Selon les principes classiques du droit administratif, lorsqu’une loi ou un décret nouveau intervient dans le même champ d’application qu’un texte antérieur, le texte ancien est abrogé de manière implicite s’il est incompatible ou couvert par la norme postérieure. C’est ce qu’enseignent les grands auteurs de droit administratif (Rivero, Chapus, Duguit), et cette règle est applicable même dans les systèmes de droit mixte comme celui d’Haïti.

La loi du 29 mai 1963, qui établit des règles nouvelles pour l’aménagement urbain, modifie l’architecture légale mise en place par le décret de 1927. Elle introduit notamment :

  • la compétence exclusive de l’administration centrale en matière de zonage et d’habitat,
  • des procédures de consultation publique et de contrôle administratif,
  • l’obligation de plan d’urbanisme cohérent fondé sur l’intérêt général.

Dès lors, toute référence ultérieure au décret de 1927 sans articulation avec la loi de 1963 est non conforme au droit positif.

Un acte administratif fondé sur une norme périmée est entaché d’illégalité, car il viole le principe de légalité et peut faire l’objet d’un recours pour excès de pouvoir. Le Conseil d’État français, dans sa jurisprudence constante depuis Compagnie Alitalia (1989), rappelle que l’administration ne peut se fonder sur une norme réglementaire devenue illégale. Ce raisonnement est transposable au droit haïtien.

La Constitution de 1987, en vigueur au moment de l’arrêté de 2010, introduit un cadre normatif démocratique, décentralisé et protecteur des droits humains. Or, le décret de 1927 est un texte hérité de l’occupation américaine, sans base constitutionnelle propre, et qui reflète une logique autoritaire de planification. Sa mobilisation en 2010, sans débat parlementaire ni consultation populaire, soulève une tension entre légalité formelle et légitimité démocratique.

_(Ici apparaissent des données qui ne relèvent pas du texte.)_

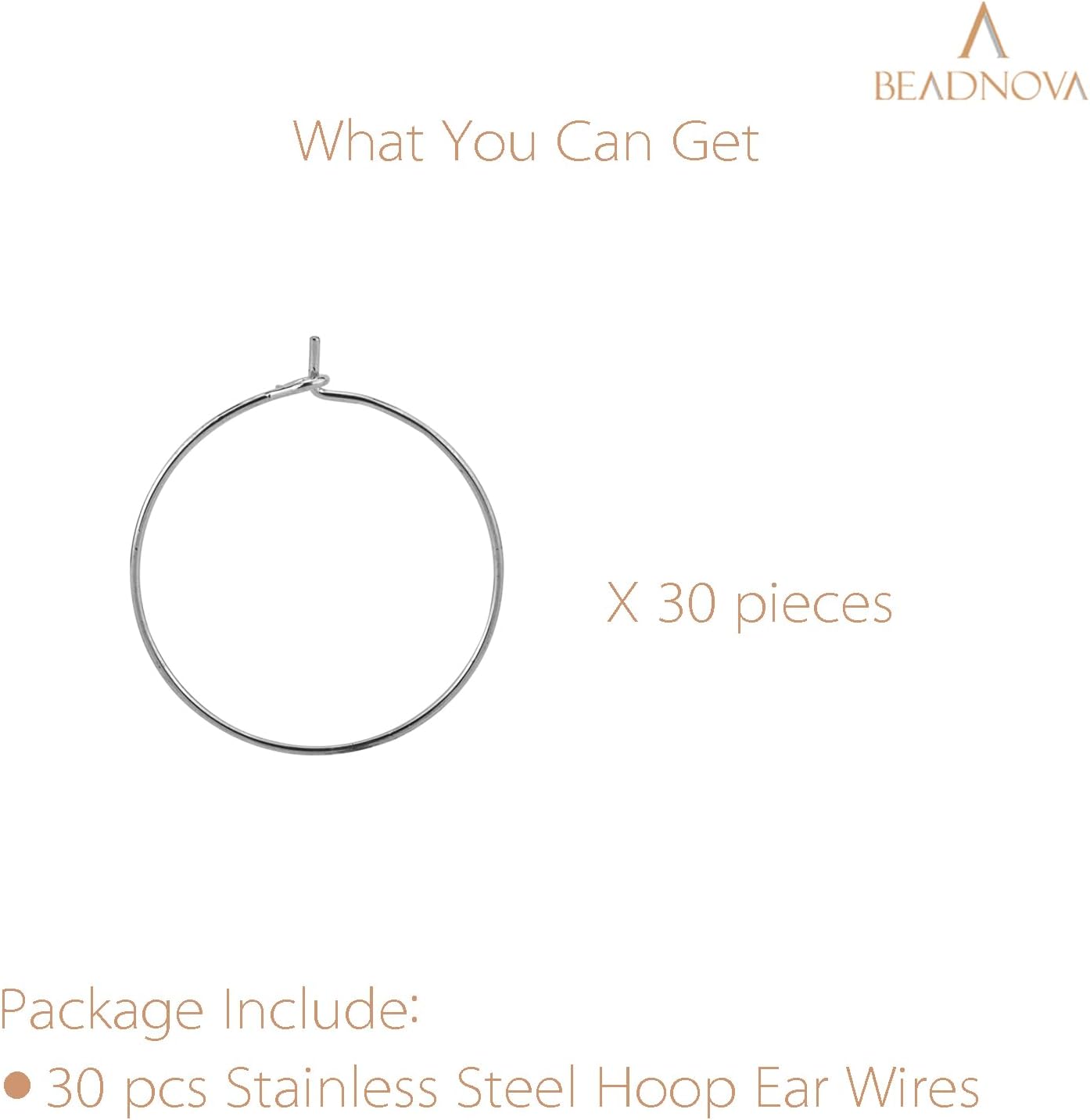 Hoop Ear Wires 30pcs Stainless Steel 30mm Wine Glass Charm Rings Earring Hoops for Jewelry Making Earring Making DIY โ image 3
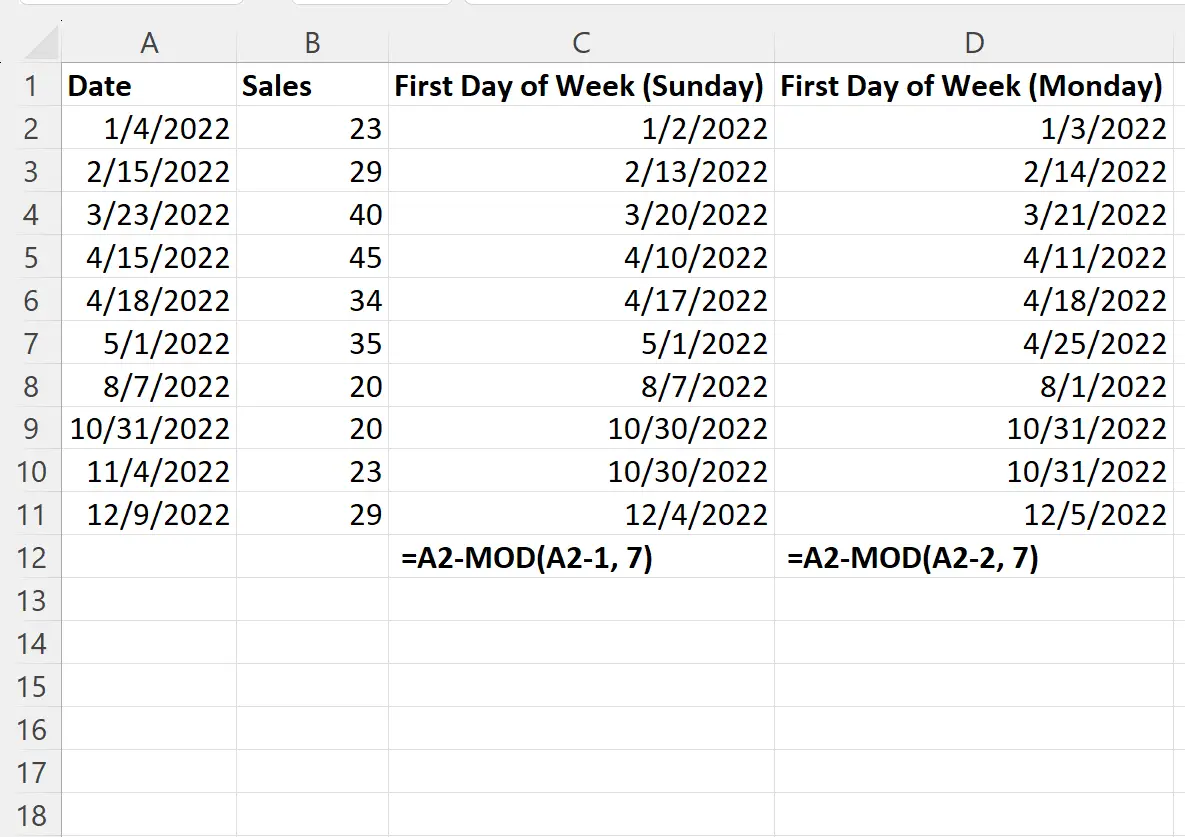 Excel mendapat hari pertama dalam seminggu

De plus, la Constitution de 1946 (réaffirmée par celle de 1987) prévoit que les décrets contraires à ses principes sont réputés abrogés, notamment ceux qui attentent à la propriété privée, à la participation citoyenne ou à la souveraineté territoriale. Dès lors, la référence à un décret de 1927 pour justifier une évacuation massive du centre-ville sans concertation peut être vue comme anticonstitutionnelle.